As someone who suffered three long years of intense acne in high school, those ads hit me right in the feels — first with hope, then with misery. After I tried the product and it didn’t work, Clearasil continued to erode my self-worth in 30-second increments by reaffirming a false belief I held about myself: As long as I have acne, girls won’t be interested in me, so there’s no point in even trying.

Every year, millions of teenagers share this experience, and it reveals a pattern deeply ingrained in Western culture: Find a flaw, worry about it, try a quick fix, and if it doesn’t work, go back to worrying. Repeat this cycle until some magic pill works or you find an even bigger inadequacy. While this may lead to some improvement, in the long run, it inevitably leads to self-loathing.

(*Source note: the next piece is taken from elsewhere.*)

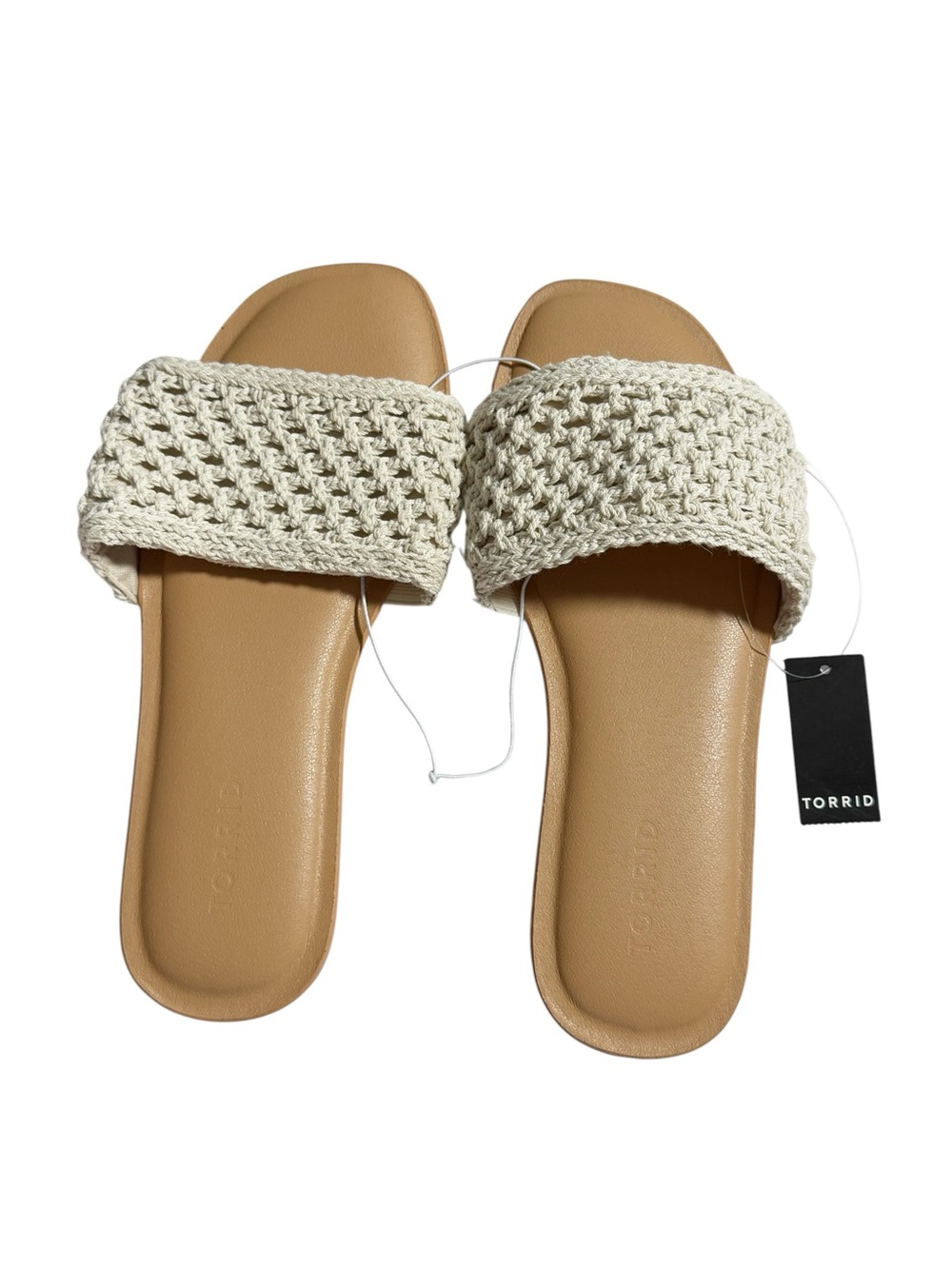 Torrid Crochet Single Band Slide Ivory Size 8.5WW NWT - Picture 4 of 6
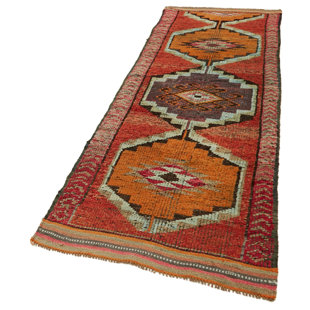 ISABELLINE Sherish Orange Vintage Wool Handmade Area Rug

You wouldn’t think a pimple commercial reveals so much about a nation’s culture, but if you watch a few Japanese skincare ads for reference, you’ll see — because unlike Clearasil, they do clear things up.

The Japanese Perceive Problems Differently

The first thing you’ll notice about Japanese beauty commercials is that they’re not directed at teenagers. There’s no Justin Bieber claiming zits are intolerable, no before-and-after pictures, and no shrill voice prompting you to “get acne out of your life.”

All you’ll see is adults going about their day, feeling good because — and this is the part the commercials focus on — every day, they practice their skincare routine. Pimples aren’t presented as a flaw to be overcome, just a part of everyday life. “If you consistently take care of your skin, acne might still happen, but it won’t have enough power over you to ruin your day.” That seems to be the message.

This is radically different from how we approach obstacles in the West, and it’s no coincidence. The Japanese perceive problems differently. They don’t view them as stumbling blocks to be eliminated. Instead, they see them as stepping stones on a never-ending journey. They empathize with problems.

The Japanese cultivate this worldview at an early age, thanks not just to their commercials but also their teachers.

“He did it!”

Jim Stigler is a psychology professor at UCLA. He once observed a fourth-grade math class in Japan. Surprisingly, the teacher called the worst student, not the best, to the board. The task was to draw a three-dimensional cube.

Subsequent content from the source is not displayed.